As the person in charge of the editorial page of a daily newspaper, I always have a hard time when writing about President Roh Moo-hyun’s remarks. I write an editorial criticizing his remarks when I believe they are not appropriate for a president. But I feel that his remarks have become even more provocative and aggressive, instead of becoming more thoughtful and graceful.
However, it is not a good idea to write an editorial to criticize his remarks every time he makes inappropriate ones. The newspaper criticizes his remarks and the president refutes the criticism and the newspaper criticizes his refutation and the president refutes the criticism again.
I felt like the situation was falling into a mire. If we wanted to escape from, we needed to break away first. So, I decided to restrain myself from writing editorials criticizing his rhetoric because such a vicious circle benefits no one. I made the decision because I was worried that if the president had constantly been hurt, the presidency would have become an object of the people’s derision.

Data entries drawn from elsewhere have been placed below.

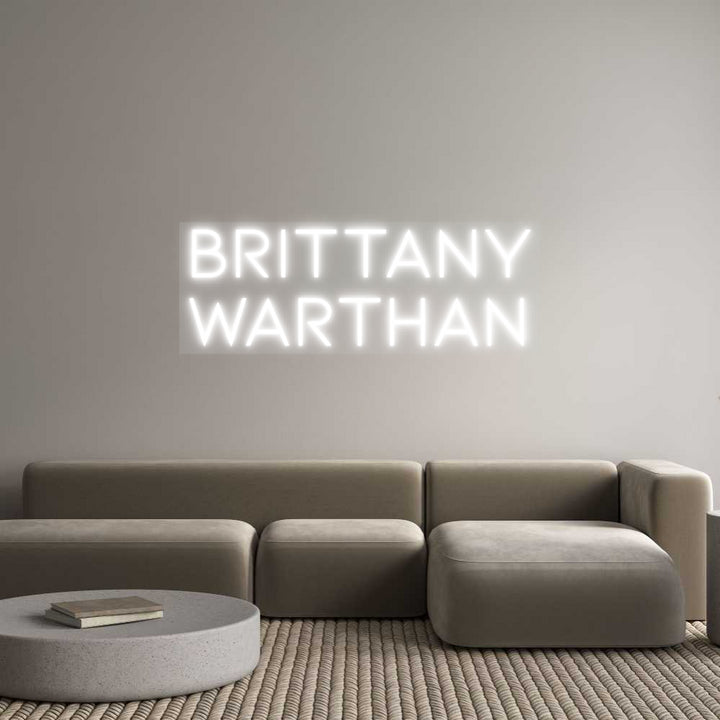 Custom Neon: Brittany
War...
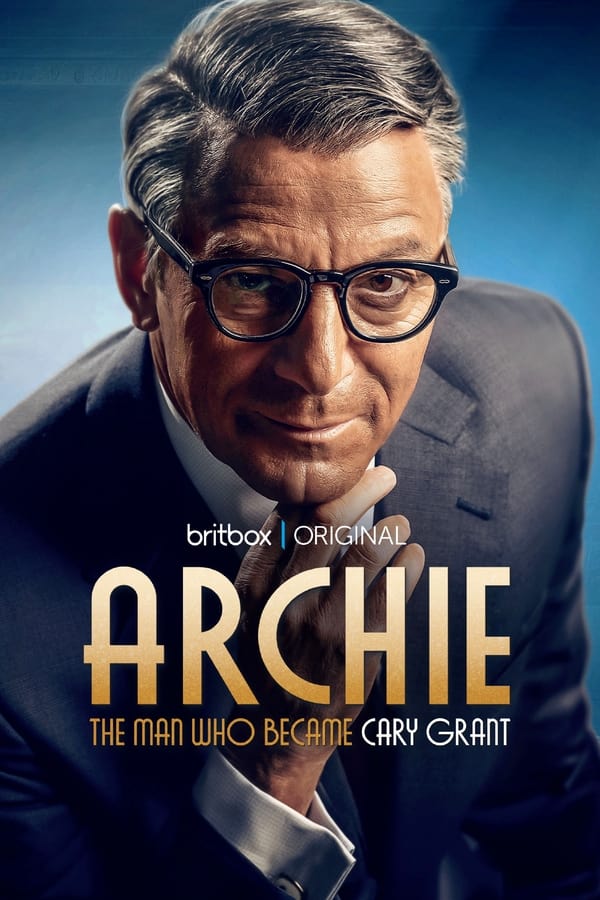 Archie: The Man Who Became Cary Grant (2023)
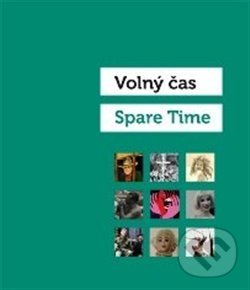 Levně Volný čas/Spare Time (Utopie na hranicích všednosti) - kniha z kategorie Eseje, úvahy a glosy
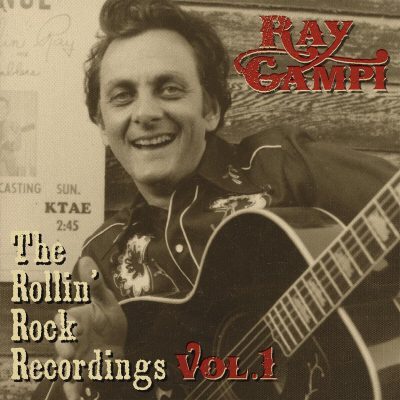 Ray Campi - The Rollin' Rock Recordings Volume 1 ( CD )﻿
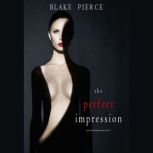 The Perfect Impression 
, Blake Pierce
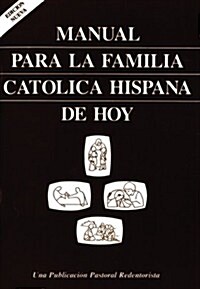 Manual Para LA Familia Catolica Hispana De Hoy (Paperback)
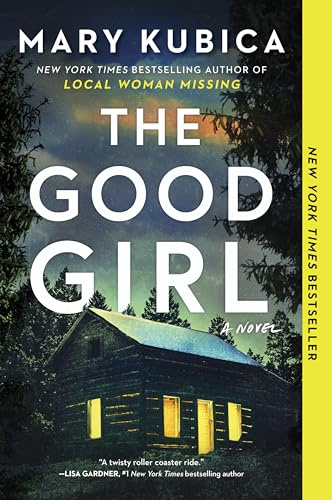 The Good Girl: A Psychological Thriller of Abductions, Emotional Entanglements and Dark Family Secrets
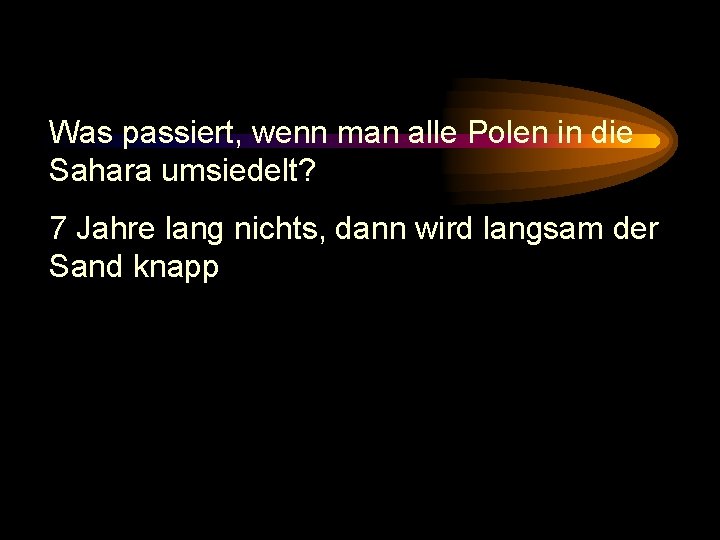 Was passiert, wenn man alle Polen in die Sahara umsiedelt? 7 Jahre lang nichts,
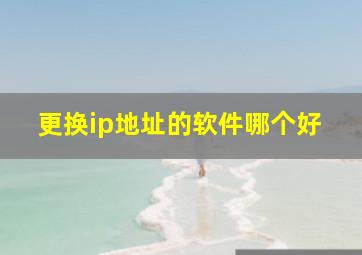 更换ip地址的软件哪个好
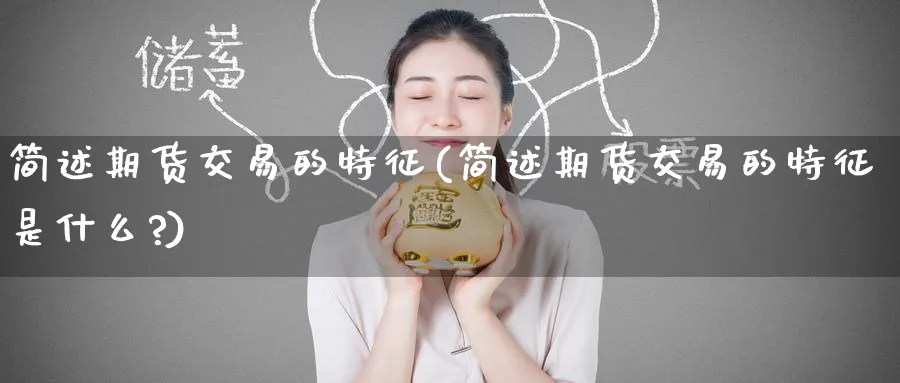 简述期货交易的特征(简述期货交易的特征是什么?)_https://www.nyyysy.com_期货分析_第1张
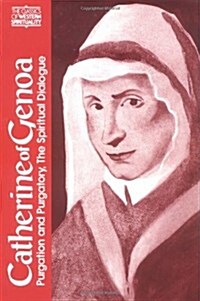 Catherine of Genoa: Purgation and Purgatory, the Spiritual Dialogue (Paperback)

Last week, the chairman of a labor union gave advice on the president’s rhetoric at a public gathering of senior government officials. The president seemed to have been badly hurt by the advice made in public. The advice was somthing that a person who had a casual relationship with the president might say. It may be viewed that the head of a labor union made a courageous remark. But when I heard the news, I felt confusion. I could not take the news as a good sign. On one hand, I thought our democracy may have been in full bloom because a person could say such words to the president without getting him or herself in trouble. On the other hand, regardless of my individual evaluation and feelings on the president, I wondered if our presidency has fallen to such a level that the president is casually treated that badly. If the president cannot be respected, what other positions can be respected? How can a country be run properly, if no titles and no positions are to be respected?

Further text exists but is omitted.